• What needs to be done:
Keyword search on "grande": report each line of the records that contains it.

• Task inputs:
.....

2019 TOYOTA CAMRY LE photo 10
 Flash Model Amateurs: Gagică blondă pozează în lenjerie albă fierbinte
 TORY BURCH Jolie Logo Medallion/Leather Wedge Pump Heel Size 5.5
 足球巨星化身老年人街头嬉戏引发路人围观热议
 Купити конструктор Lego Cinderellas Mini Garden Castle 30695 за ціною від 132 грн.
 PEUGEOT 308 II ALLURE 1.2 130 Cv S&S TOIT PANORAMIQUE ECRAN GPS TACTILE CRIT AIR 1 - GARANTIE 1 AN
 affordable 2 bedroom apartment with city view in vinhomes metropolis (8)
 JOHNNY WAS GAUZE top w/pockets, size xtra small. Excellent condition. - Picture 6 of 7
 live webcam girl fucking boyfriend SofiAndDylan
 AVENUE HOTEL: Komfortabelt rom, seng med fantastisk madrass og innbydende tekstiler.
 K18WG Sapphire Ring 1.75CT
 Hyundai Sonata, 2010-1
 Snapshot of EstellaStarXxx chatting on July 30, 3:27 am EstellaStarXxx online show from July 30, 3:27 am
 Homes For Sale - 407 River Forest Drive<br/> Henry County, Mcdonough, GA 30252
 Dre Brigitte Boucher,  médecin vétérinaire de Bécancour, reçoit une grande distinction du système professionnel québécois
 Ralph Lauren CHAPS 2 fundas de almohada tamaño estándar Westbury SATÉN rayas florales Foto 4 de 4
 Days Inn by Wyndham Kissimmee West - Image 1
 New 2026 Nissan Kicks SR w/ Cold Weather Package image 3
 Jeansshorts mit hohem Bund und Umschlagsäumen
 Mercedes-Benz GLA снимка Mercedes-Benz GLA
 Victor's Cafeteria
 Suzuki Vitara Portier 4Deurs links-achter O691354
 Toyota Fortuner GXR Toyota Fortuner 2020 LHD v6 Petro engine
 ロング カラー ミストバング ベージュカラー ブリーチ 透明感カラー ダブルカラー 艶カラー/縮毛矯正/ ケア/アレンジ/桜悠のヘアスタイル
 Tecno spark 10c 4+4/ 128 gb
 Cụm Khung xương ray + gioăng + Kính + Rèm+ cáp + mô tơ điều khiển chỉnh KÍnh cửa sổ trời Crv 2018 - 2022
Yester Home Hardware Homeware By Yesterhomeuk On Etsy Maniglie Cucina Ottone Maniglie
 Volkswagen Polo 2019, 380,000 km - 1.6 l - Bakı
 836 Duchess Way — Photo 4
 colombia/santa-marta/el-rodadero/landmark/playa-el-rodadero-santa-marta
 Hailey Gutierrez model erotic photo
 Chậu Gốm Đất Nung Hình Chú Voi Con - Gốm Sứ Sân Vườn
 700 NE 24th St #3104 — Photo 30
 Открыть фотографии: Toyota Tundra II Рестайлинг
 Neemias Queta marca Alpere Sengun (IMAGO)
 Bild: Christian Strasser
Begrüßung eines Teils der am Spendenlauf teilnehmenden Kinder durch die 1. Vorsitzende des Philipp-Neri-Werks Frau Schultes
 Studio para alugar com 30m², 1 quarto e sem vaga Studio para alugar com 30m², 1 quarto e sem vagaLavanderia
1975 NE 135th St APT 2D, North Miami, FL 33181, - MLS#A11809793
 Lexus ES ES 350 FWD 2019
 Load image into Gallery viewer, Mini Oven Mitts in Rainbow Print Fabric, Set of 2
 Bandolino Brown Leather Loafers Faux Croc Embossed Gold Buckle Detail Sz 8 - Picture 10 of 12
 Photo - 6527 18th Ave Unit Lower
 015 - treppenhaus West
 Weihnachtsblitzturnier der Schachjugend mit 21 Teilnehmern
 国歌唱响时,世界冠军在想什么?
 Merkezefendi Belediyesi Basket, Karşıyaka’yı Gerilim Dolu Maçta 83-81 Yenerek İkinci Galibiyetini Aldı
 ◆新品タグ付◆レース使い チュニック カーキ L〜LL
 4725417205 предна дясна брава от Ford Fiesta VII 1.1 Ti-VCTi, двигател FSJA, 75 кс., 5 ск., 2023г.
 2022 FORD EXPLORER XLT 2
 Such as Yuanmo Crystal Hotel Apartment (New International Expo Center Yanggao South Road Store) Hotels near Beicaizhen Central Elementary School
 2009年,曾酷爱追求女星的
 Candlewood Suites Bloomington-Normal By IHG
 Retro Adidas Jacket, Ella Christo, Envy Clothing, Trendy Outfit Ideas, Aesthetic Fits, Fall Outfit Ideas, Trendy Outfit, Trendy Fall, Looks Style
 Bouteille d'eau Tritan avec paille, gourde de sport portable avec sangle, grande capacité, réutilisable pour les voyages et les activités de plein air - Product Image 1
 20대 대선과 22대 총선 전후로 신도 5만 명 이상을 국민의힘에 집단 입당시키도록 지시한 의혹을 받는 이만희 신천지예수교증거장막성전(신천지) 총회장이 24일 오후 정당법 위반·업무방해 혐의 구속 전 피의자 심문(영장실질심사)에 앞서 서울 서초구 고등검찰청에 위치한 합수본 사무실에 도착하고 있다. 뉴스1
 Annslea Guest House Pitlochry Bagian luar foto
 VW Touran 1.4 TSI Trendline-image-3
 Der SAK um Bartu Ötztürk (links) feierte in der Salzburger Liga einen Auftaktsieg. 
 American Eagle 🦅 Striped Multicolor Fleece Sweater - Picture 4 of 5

.....

• Solution to the exercise:
 Dre Brigitte Boucher,  médecin vétérinaire de Bécancour, reçoit une grande distinction du système professionnel québécois
 Bouteille d'eau Tritan avec paille, gourde de sport portable avec sangle, grande capacité, réutilisable pour les voyages et les activités de plein air - Product Image 1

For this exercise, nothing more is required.